Caveolin-1 and mechanical stress control the release of a pro-metastatic subpopulation of small extracellular vesicles

Abstract

Extracellular vesicles are lipid-enclosed vesicles released by most cells and are present in all human bodily fluids. EVs carry genetic material and proteins, which can be transferred to other cells, generating various biological effects. Caveolin-1 (Cav1) is a key structural protein of the small invaginations of the plasma membrane known as caveolae, which function as mechano-sensors and membrane tension buffering devices. Elevated levels of Cav1 have been detected in EVs from patients with advanced cancer. Given the importance of mechanical forces within the tumor microenvironment, we investigated the potential role of caveolae and/or Cav1 in regulating EV dynamics and cancer progression under mechanical stress. Our study revealed that different types of mechanical stress induced significantly increased the release of EVs from several cancer cell lines.
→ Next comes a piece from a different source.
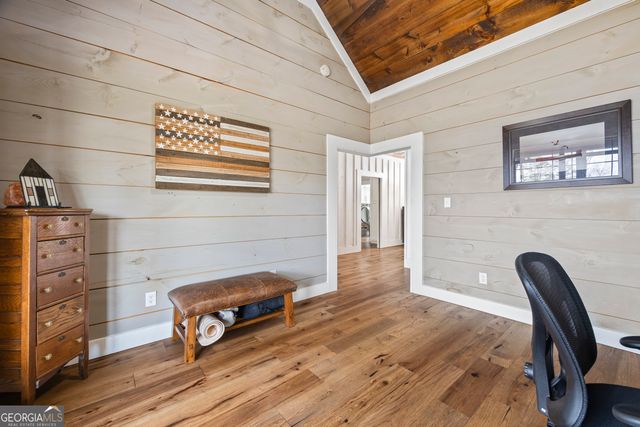 300 Black Point Drive, Hartwell, GA 30643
These EVs were characterized as exosomes enriched with Cav1. Notably, we found that functional Cav1 was essential for the stress-induced increase in EV production. Lipidomic and proteomic analyses showed differences in the composition of EVs between WT and Cav1-deficient cells and between resting cells and cells subjected to mechanical stress. Additionally, EVs isolated from mechanically stressed cells were shown to promote enhanced migration and invasion of cancer cells in a Cav1-dependent manner. Altogether, our data uncover a new role for Cav1 in mediating cell-to-cell communication and promoting the acquisition of metastatic traits through the mechanical regulation of EV production and dynamics.